In this notebook, I am trying to put together a hierarchical graph visualization that shows the dependencies and when they will be sampled.

## Import Modules

In [1]:
import numpy as np
import pandas as pd
from IPython.display import display
import networkx as nx
from networkx.drawing.nx_pydot import graphviz_layout
from nxpd import draw

import matplotlib.pyplot as plt
%matplotlib inline

## Load Data

In [2]:
# Load
adj_df = pd.read_csv('../dependencyWheels/adjacency matrix.csv',index_col=0)

# Create Graph
G = nx.from_pandas_adjacency(adj_df,nx.DiGraph())
n_nodes = len(G.nodes)
n_edges = len(G.edges)
node_names = adj_df.columns.values
longest_path_len = nx.dag_longest_path_length(G)
edges_org = G.edges
print(nx.info(G))
print('Longest path length:\t %d' % longest_path_len)

# Reset index for convienience
adj_df.reset_index(inplace=True,drop=True)

Name: 
Type: DiGraph
Number of nodes: 83
Number of edges: 145
Average in degree:   1.7470
Average out degree:   1.7470
Longest path length:	 8


## Identify level of housing characteristics

In [3]:
# Initialize node level values
level = np.zeros_like(adj_df[adj_df.columns[0]])
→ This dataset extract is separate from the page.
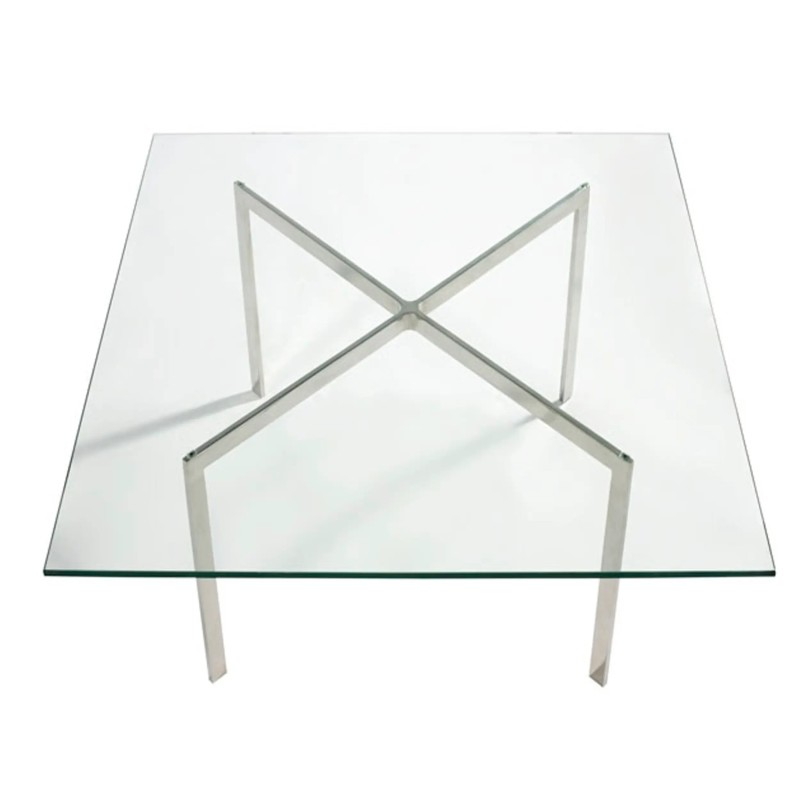 Mies Van Der Rohe Table 100x100cm | Tempered Glass & Stainless Steel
# Iterate over nodes up to the longest path length
for j in range(int(longest_path_len)):
    # For each housing characteristic node
    for i in range(n_nodes):
        # Get the index of the dependencies
        column_name = adj_df.columns[i]
        dependencies = np.where(adj_df[column_name] == 1)[0]
        
        #If there are dependencies
        if len(dependencies) > 0:
            # Get the level of the dependencies
            dependency_levels = level[dependencies]
            
            # Identify the maximum level of the dependencies
            max_level = np.max(dependency_levels)
            
            # This node's level must be one greater than the max level
            level[i] = max_level + 1

# Print housing characteristics grouped by levels
for i in range(int(longest_path_len)):
    idx = np.where(level == i)[0]
    print("Level: %d" % i)
    for j in range(len(idx)):
        print("  %s" % node_names[idx[j]])
    print()

Level: 0
  Bathroom Spot Vent Hour
  Ceiling Fan
  Days Shifted
  Dehumidifier
  Door Area
  Doors
  Eaves
  Geometry Building Type FPL
  Insulation Finished Roof
  Lighting
  Mechanical Ventilation
  Misc Extra Refrigerator
  Misc Freezer
  Misc Gas Fireplace
  Misc Gas Grill
  Misc Gas Lighting
  Misc Hot Tub Spa
  Misc Pool
  Misc Well Pump
  Natural Ventilation
  Occupants
  Overhangs
  PV
  Range Spot Vent Hour
  Roof Material
  Solar Hot Water
  Usage Level
  Window Areas

Level: 1
  Clothes Washer
  Dishwasher
  Geometry Building Type
  Hot Water Fixtures
  Location EPW
  Plug Loads
  Refrigerator

Level: 2
  Cooling Setpoint
  Geometry Foundation Type
  Geometry Is Multifamily Low Rise
  Geometry Perimeter Footprint Ratio
  Heating Setpoint
  Location Region
  Vintage FPL

Level: 3
  Geometry House Size
  Geometry Nearest Neighbor LeftRight
  Geometry Shared Walls MF
  Geometry Shared Walls SFA
  Heating Fuel
  Orientation
  Vintage

Level: 4
  Clothes Dryer
  Cooking Range
  D

## Identify edges that jump more than 1 level

In [4]:
jump_edges = list()
edges_new = list()
for edge in G.edges:
    idx_in = np.where(edge[0] == node_names)[0][0]
    idx_out = np.where(edge[1] == node_names)[0][0]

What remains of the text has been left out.